1. Make time for the family dinner
I spoke with a high-level leader from one of the hardest driving clients I have. She said that no one remembers or cares at performance review time if you went home on Wednesday and Thursday at 5:00 p.m. to have dinner with your family. What they remember is what you got done and how you got it done.
Realistically, you might have to jump back on e-mail a bit later after dinner, but you can at least carve out important time with the family with no career reprisals.
2. Do a family breakfast
If dinner is too difficult for whatever reason, making time in the morning is also very doable. A few leaders I coach don’t set up meetings with anyone until after 9:00 a.m. because they have prioritized being at home in the morning with their kids.
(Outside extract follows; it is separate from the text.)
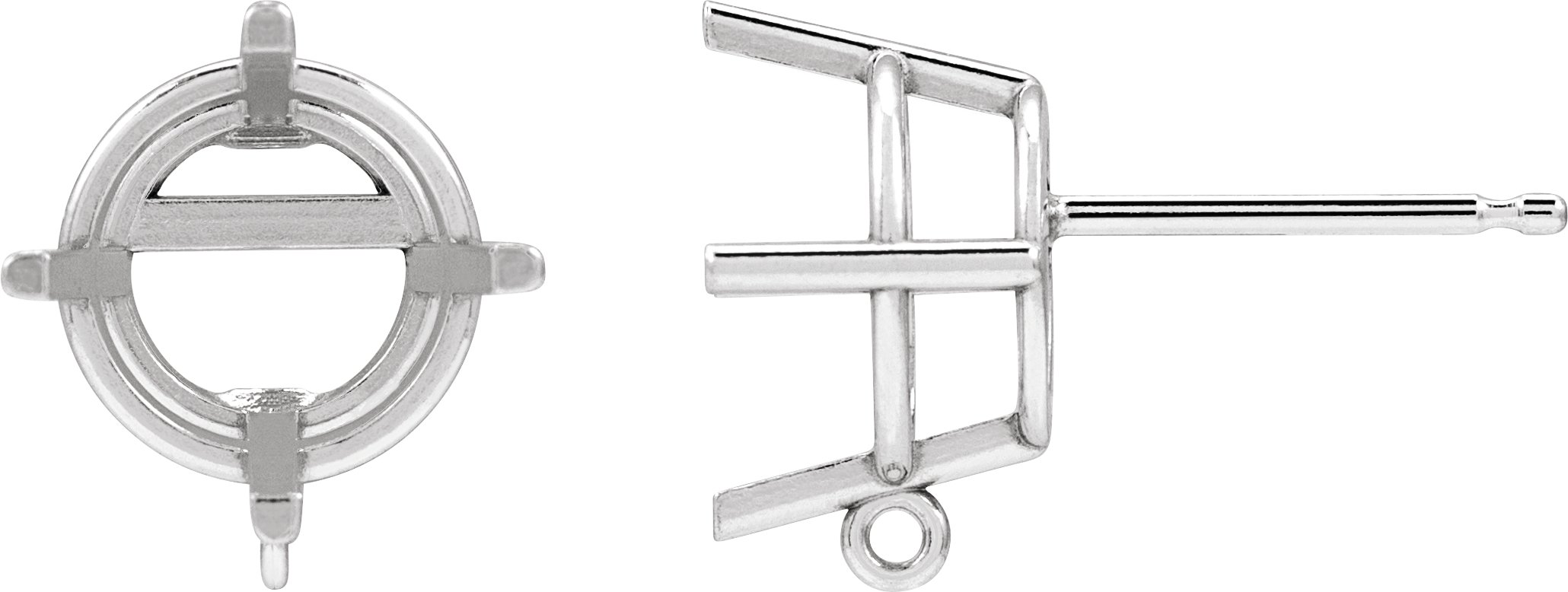 Round 4-Prong Earring Top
On almost all occasions, no one makes a big deal out of it. Similar to the dinner option, there are implications. Many of those same leaders have to find creative ways to make up for their choice to prioritize the morning with their kids.
3. Truly check out when on vacation
Many of the leaders I coach in my work talk about the same challenge: They fear checking out on vacation because they have accountability for a lot of things. And they simply can’t let those things go un-managed while they are out on vacation.
To that end, another high-level leader I spoke with said this:
“The work will be right there waiting for you when you get back.”
The reality is that most of the time disconnecting won’t result in any major calamity. Nine times out of ten, if something does happen when we’re out on vacation, we have good people who can work that problem or we can mitigate it when we return with minimal damage to our careers.
4. Carve out time to coach your kid’s sports team
I work with a very successful and hard driving leader in one of the biggest entertainment companies out there right now. He also coaches his sons’ basketball team every Friday night. Everyone knows he does it and that he simply won’t miss it.
Ironically, not only has his career not been damaged (he just got promoted from SVP to EVP) but his peers and others with whom he works regularly respect that he drew the line for family.